I'm just saying, PATIENCE is the key to figuring out what to do with a failed batch. You never know who's going to come up with a solution. This is the closest I've ever come to throwing a batch out. It doesn't hurt to wait and see. I never know what's going to rise to the surface... and I love surprises. Hate wasting stuff though.

*@DeeAnna:* Thank you for a very informative and interesting discussion.


----------



## Zany_in_CO (Jun 7, 2020)

Deborah Long said:


> I obviously was not comfortable not using a preservative.  I've read both sides but would rather err on the side of caution.


This is the reason most people use to rationalize using a preservative. There are downsides, especially for those who aren't used to using them and don't understand how specific they are to various bath & body products. That's where "caution" needs to be applied. Case in point, this thread. 

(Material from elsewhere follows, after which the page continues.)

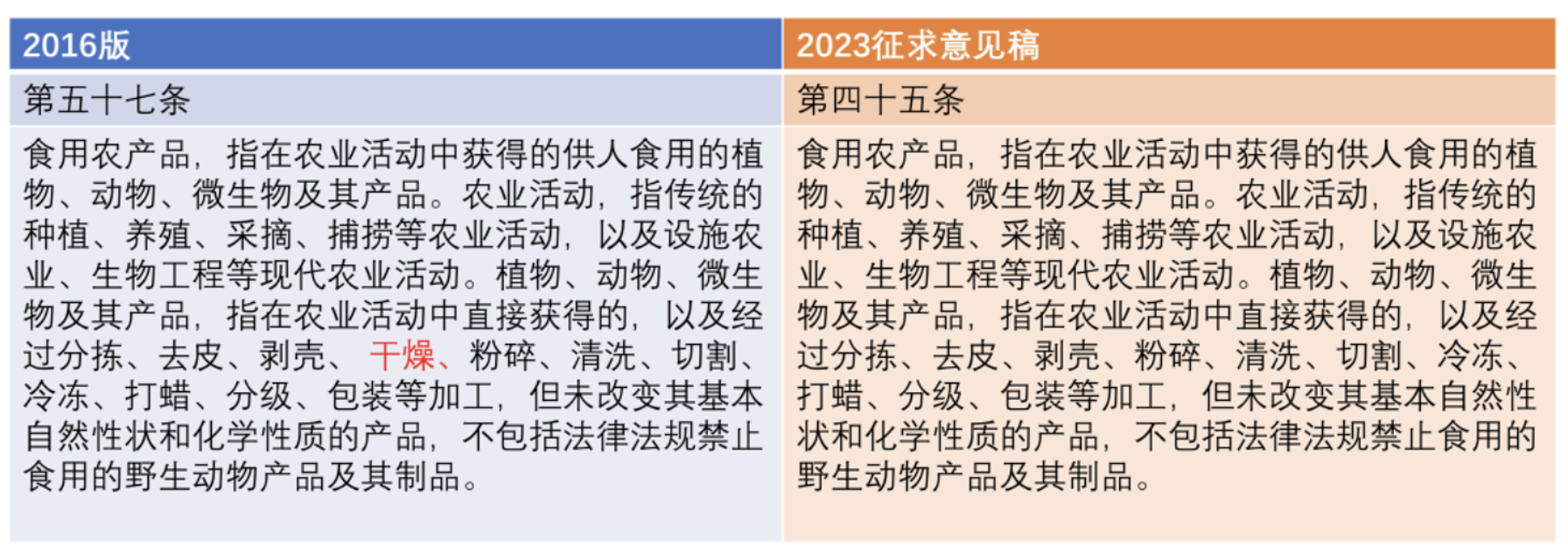 管理办法征求意见稿引担忧，农户或被禁售自晒干货？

I agree with DeeAnna. No one is ever going to win the debate about using preservatives in LS. I'm fine with each to his own preference.


----------



## Deborah Long (Jun 7, 2020)

Zany_in_CO said:


> the foamer turned out to be an excellent carpet stain remover!



Ahhh - I never ever thought about doing that!  Zany - you're sooo smart!  (and I'm too impatient, I know....)


----------



## Malleebird (Jun 7, 2020)

This discussion has been SO interesting....for she who's yet to make her first batch of LS                  Thank you....


----------



## Deborah Long (Jun 7, 2020)

@Malleebird - This was TOTALLY my first batch ever!  lol


----------



## Malleebird (Jun 7, 2020)

DeeAnna said:


> In the interests of ensuring other people aren't misinformed, the numbers are 0.1 - *0.5*%. That's 1 to 5 grams of Liquid Germall Plus per 1000 grams of finished product.
> 
> I recommend the upper amount of 0.5% for hobby/home crafters who aren't able to do formal challenge testing.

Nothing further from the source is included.